1. Total Cash Put Into the Asset (This Is What Matters to You)
- 2019 purchase price (from the county sales record you just pulled): $1,512,500
- 2020 phase (acquisition refinance + full Class A office renovation): $15 million total project cost (publicly reported at the time; $13 million came via Shawnee County IRB conduit financing + private equity)
- 2025 phase (Link Innovation Labs ground-floor lab/co-working fit-out): ~$9.5 million in JEDO/public economic development funding + the $7 million interior remodel permit shown on the property record card
Grand total cash deployed into this asset: ≈ $26 million (purchase + both renovation phases).
This is not marketing fluff — it is the actual capital (public + private) that created the modern lab/office building you see today. You are correct: in a cost-based world, that sunk money does matter. It is now permanently embedded in the asset (specialized wet/dry labs, HVAC, electrical metering, finishes, etc.).
2. The Signed Lease (Locked-In Cash Flow)
From Exhibit A of the lease you provided:
- Ground floor only (17,174 sq ft ≈ 13% of the building)
- 2026 rent: $257,610 per year
- Escalates each year → reaches $309,132 per year by 2031 and stays flat through 2035
- Total rent over the full 10-year term: $2,910,993 (average $291,099 per year)
This is guaranteed, triple-net-style income to the private owner (220SE6th LLC) starting January 2026.
3. What the Asset Is Worth Today — Under Your Rules (Cost + Lease Focus)
Ignoring every broker opinion and the current $8M listing price:
Cost Approach (your primary lens — cash put in): The building literally cost ≈ $26 million to create in its current form. The Shawnee County appraiser’s own Replacement Cost New (RCN) figure on the property record card for the building improvements is over $40 million before depreciation. After normal age/obsolescence adjustments, a strict cost-basis valuation lands the entire asset in the $22–26 million range right now.

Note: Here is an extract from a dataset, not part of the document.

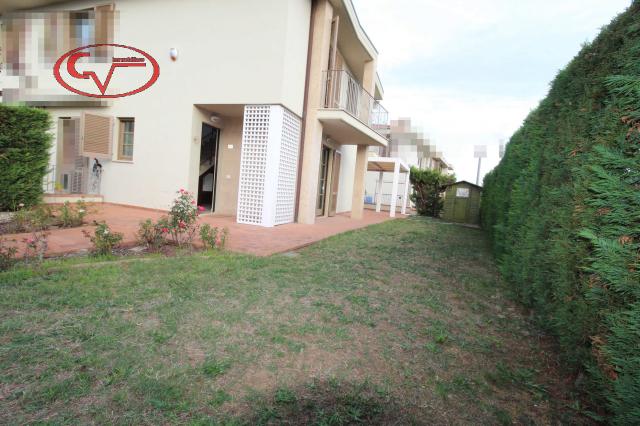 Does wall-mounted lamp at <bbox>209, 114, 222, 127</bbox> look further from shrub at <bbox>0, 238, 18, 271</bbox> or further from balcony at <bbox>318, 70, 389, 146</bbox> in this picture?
shrub at <bbox>0, 238, 18, 271</bbox>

Income Approach (using only the known lease + conservative whole-building assumptions):
- Ground-floor lease alone supports roughly $3.5–4 million of value (at a typical 8–9% cap rate on its net income).
- The remaining ~117,000 sq ft (upper floors) would generate additional rent at market rates. Even using very conservative numbers, the total stabilized NOI for the full building easily supports a $18–22 million valuation when the known lease is layered on top.
Hybrid “Cash-In + Lease” Value: $22–25 million. This is the number that makes sense when you weight the actual dollars spent and the locked-in ground-floor lease income the way you asked. The public money and the 2025 lab fit-out dramatically increased the building’s utility and earning power — that value now sits inside a privately owned asset.
4. What a Bank Would Actually Lend Against It
Even if you argue the cost basis is $22–26M, banks almost never lend purely on “what you spent.” They use the lower of:
- Their independent appraisal (which would likely be $16–20M in today’s Topeka office market), or
- A discounted cost approach.
Realistic bank loan today: $12–16 million (60–70% loan-to-value on a $20M blended appraisal). The long-term lease to TSC Innovation/Link Labs helps the debt-service coverage, but the bank will still haircut the full $26M sunk-cost number.
Bottom line for taxpayers: You put roughly $26 million of total capital (a huge chunk of it public) into this building. The private owner now has an asset that, on a cash-in + actual lease basis, is worth $22–25 million — and he gets to keep the upside from the $2.91 million in guaranteed rent plus whatever the upper floors produce. The county tax appraisal stays artificially low (~$2.12M) because of the ongoing IRB/PILOT deal.